Nelerden tevbe etmemiz gerektiğini şöyle bir sıralarsak, hem günah envanteri tesbiti yapmış, hem de gerçek tevbenin birinci safhasınaaadım atmış oluruz:
Mesela dedikten sonra, hatırımıza gelişe göre sıralayalım:1- Konuları, ezbere ele almak yerine onlara 'kitâbî' yaklaşım sergilersek, bir diğer ifade ile ' kaynaklarımıza' başvursak,
2- Her şeyi bilirlik taslamak yerine; istişareyi ve tek adamın fikri yerine 'Şûrâ'yı ikame etsek,
3- 'Ne derler? ' endişesi veya birilerine şirin görünmek kaygusuyla hareket etmek yerine, 'Allah ne der? 'den yola çıkıp, Kâinatın Sahibi'ne şirin görünmeyi tercih etsek,
4- Her hususta dünyalık hesap yapma alışkanlığını terkle, âyette emrolunduğu gibi ahiret hesabı peşinde koşsak, (bkz.Kasas Sûresi, Âyet 77)
5- Yanlış bir anlayış ve sakat bir metotla Hristiyan ve Yahudilere 'diyalog' yerine, öncelikle Müslüman kardeşlerimizle 'diyalog' kursak,
6- Ramazan-ı Şerif'i eğlence mevsimi haline getirme vebalinden, iftar ve sahur programlarını sulandırmaktan vazgeçsek,
7- Camii avlusunda bile müzik yayını yapacak kadar müzikkolik olmaktan, lokantada, markette, iftar ve sahurda 'müzik de müzik' diye tutturmaktan uzaklaşsak,
8- Tesettür adı altında, esasla hiçbir ilgisi olmayan tuhaf hallere bürünmekten, sözde tesettürü ile herkesin huzurunda, yanındaki erkekler (isterse nikahlısı veya eşi olsun) lâubali davranışlar sergilemekten ve başka dünyaların insanlarını taklid kompleksinden kurtulabilsek,
9- Dosta da yabancıya da; inanmadığı halde kavuk sallamaktan, iki yüzlü davranıştan ve hatta yalakalıktan cayabilsek,
10- Tenkid, tazyik ve tehtidi gördüğünde, bize ait her şeyi inkar etme ve direnç gösterememe zavallılığından nefsimizi âzâd edebilsek,
11- Ağzımızdan çıkan hayırlı sözlerin ve ortaya koyduğumuz güzel amellerin, attığımız hayırlı adımların arkasında dimdik durabilsek,
12- Şu veya bu gerekçe ile batıl yolun yolcusu kabul ettiklerinin sırtını sığamaktan ve hatta destek olma cinayetini işlemekten vazgeçebilsek,
13- Aslını bilmediğimiz, suçlanan şahsın kendisinden bizzat duymadığımız bilgi ve haberlerin yaygarasını yapmayı terk edebilsek,
14- Lükse, konfora, israf ve tatil düşkünlüğüne paydos diyebilsek.Tevbe etmemiz gereken hususlar elbette bunlarla sınırlı değildir.
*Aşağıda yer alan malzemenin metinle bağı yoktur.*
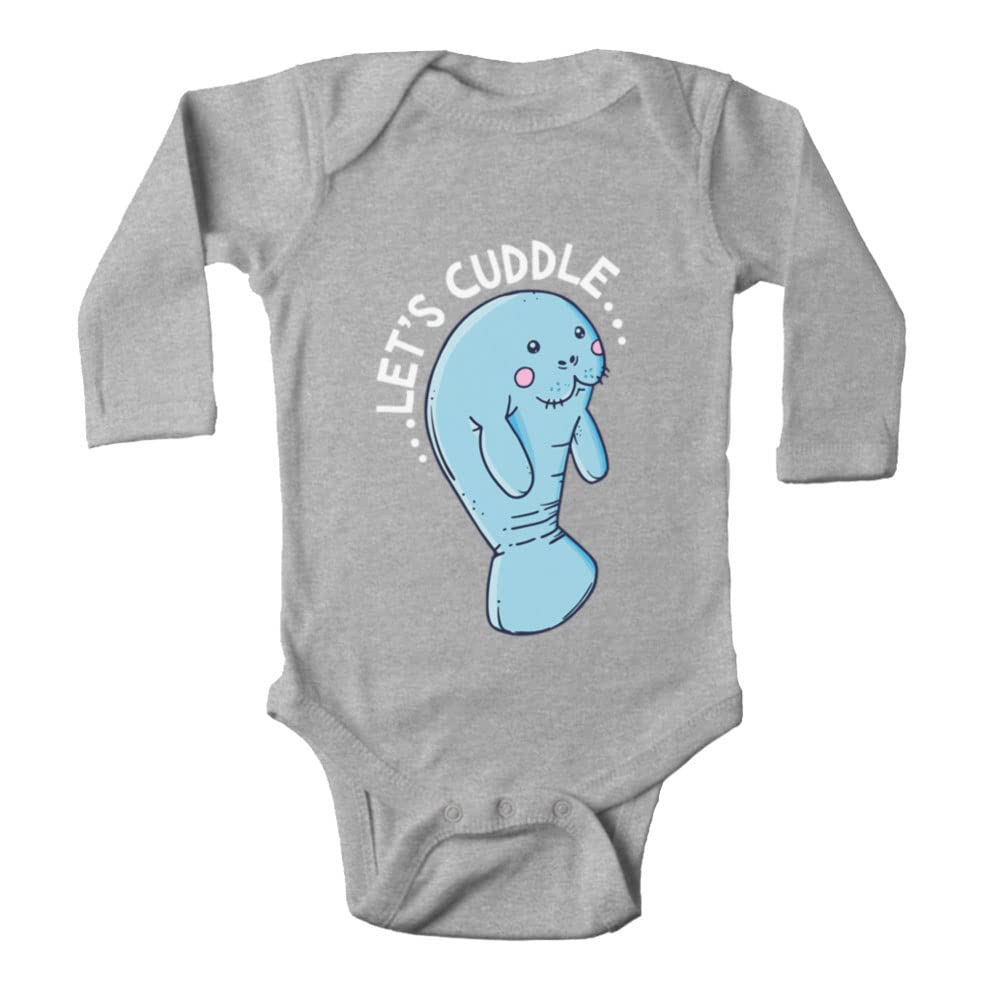 Funny Manatee Baby Crawl Suit - Long Sleeve Unisex Infant Romper Bodysuit for Boys & Girls | Perfect for Playtime, Photo Shoots & Cuddling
Ancak, arifane ifadeye gayret gösterdiğimiz bu tesbitler sonrası yapacağımız 'nâsuh tevbesi'; inşaallah bizim salah ve felahımızın müjdecisi olacaktır.
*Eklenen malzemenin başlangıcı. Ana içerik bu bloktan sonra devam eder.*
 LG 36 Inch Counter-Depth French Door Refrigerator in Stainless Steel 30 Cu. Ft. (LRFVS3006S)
* Prof. Dr. Osman Öztürk Hocam'ın 28 Ekim 2005 Cuma günü Vakit gazetesinde yayımlanmış yazısıdır.
-
sevgililer günü
26.03.2006 - 05:50Sevgililer günü vb.leri kültür konusudur. Bir millet diğer bir milletle kültür alış-verişine girerse, hangisininki diğerine
ağır basarsa o diğerini bitirir. Bu alış-veriş meselesine güvenen girer. Esasen böyle bir şeye gerek yoktur... Gelgelelim bu, devlet politikası haline gelince, bizim müslümanlar da böyle bir alış-verişin karşısında bulmaktadırlar kendilerini. Devlet güçlü de olsa, bu işin bir malubiyet tarafı vardır. Çünkü ismi 'alış-veriştir.' Güçsüz olan ölecek, güçlü olan yara alacaktır. İşte kuşçoloji kardeş, bu alış-veriş hepimizi etkilediği gibi seni de her yönden etkileyecektir... Onlar ne yaptıysa özde de kabukta da aynı şeyleri yaparsak, onlardan ayırd edici bir tarafımız kalmaz.
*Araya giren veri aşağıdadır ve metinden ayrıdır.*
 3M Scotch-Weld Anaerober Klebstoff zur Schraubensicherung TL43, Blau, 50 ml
Böyle günler kültür konusudur diye arz etmiştim az önce. Kültürün temel kaynağı dindir. Aynı dinin mensupları arasında kültür farkı yoktur, uygulama farkı vardır. Örf/adetlerden gelen uygulama farklılıkları vardır. Mesela Hindistan'dakiler yemeği elleriyle yiyorlar, bu meşrebi bir meseledir. Fakat sağ elle yemek mezhebi bir meseledir. (Meşreb: Fıtratla alakalı yöneliş. Mezheb: Teorisi belli, takip edilen bir yol demektir.) Bizim aklarımız neler ise Hindistan'ın, Endonezyan'ın vs... müslüman ülkelerin de aklarıdır. Bizim karalarımız Hindistan'ın, Endonezya'nın karalarıdır. Fakat müslüman olmayan ülkelerin kültürlerinden biraz biraz alırsak kültürümüz karman çorman olmuş olur.